“I walked out to my car for my lunch break and opened my phone, ‘Suicide is always a viable option,’ I read and re-read the screenshot of the snapchat my 16-year-old son sent his ex-girlfriend that Wednesday morning. I proceeded to text him and ask him how his day was going. He said not good and he just didn’t want to be at school. I didn’t tell him Samantha had sent me the screenshot. Thankfully his truck had broken down a few days before and Papa Dave hadn’t gotten around to fixing it yet, I told him if he could talk his dad into coming to pick him up, he could spend the day with him until I got home. I then called his dad, told him the situation, and called his case manager at the mental health facility he was receiving services at. His case manager, Dane, said he would pop into school for a visit since he was out and about and call me at work and let me know how it went.
This was nothing new. Zayne had battled depression and anxiety for the past few years. He was diagnosed with Major Depressive Disorder, recurrent and Generalized Anxiety Disorder. He had anger spells; he had threatened to harm himself more than once. On two occasions, the school had called and had me come pick him up and we had been to the hospital for both of those instances to have him evaluated for hospitalization, however both times, two different hospitals, refused to admit him to a psychiatric facility after he stated he had no intention or plan to harm himself or anyone else.
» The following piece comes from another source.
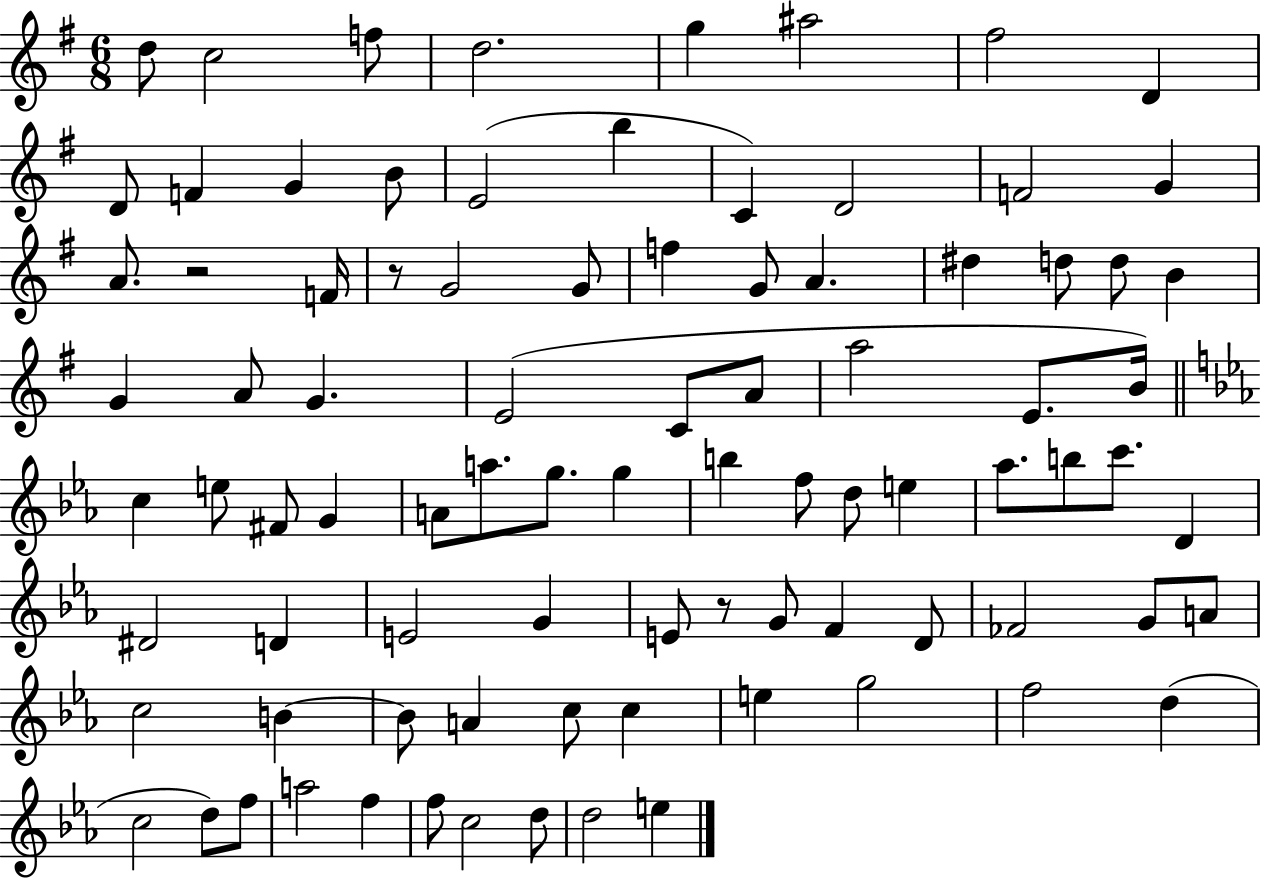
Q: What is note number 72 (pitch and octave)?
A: E5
They deemed them empty threats and sent us on our way. Both times were evaluations via television with doctors that were 2 hours away and both times we were made to leave the room while he was evaluated.
Zayne was such a happy baby and young kid. He was very active in school and athletics. He played baseball, wrestled, played football, was friends with everyone, he was an A student, didn’t mind school and strived to be the best.
He was one of those kids that things just came natural to. He didn’t have to try, he just did it and he excelled. He didn’t fail. He took the ACT between his 8th grade and freshman year and scored a 24 and I remember thinking this kid is going places!! He loved writing, sketching, his guitars, video games, and music. He would sit for hours in our porch swing with his earbuds in and just chill.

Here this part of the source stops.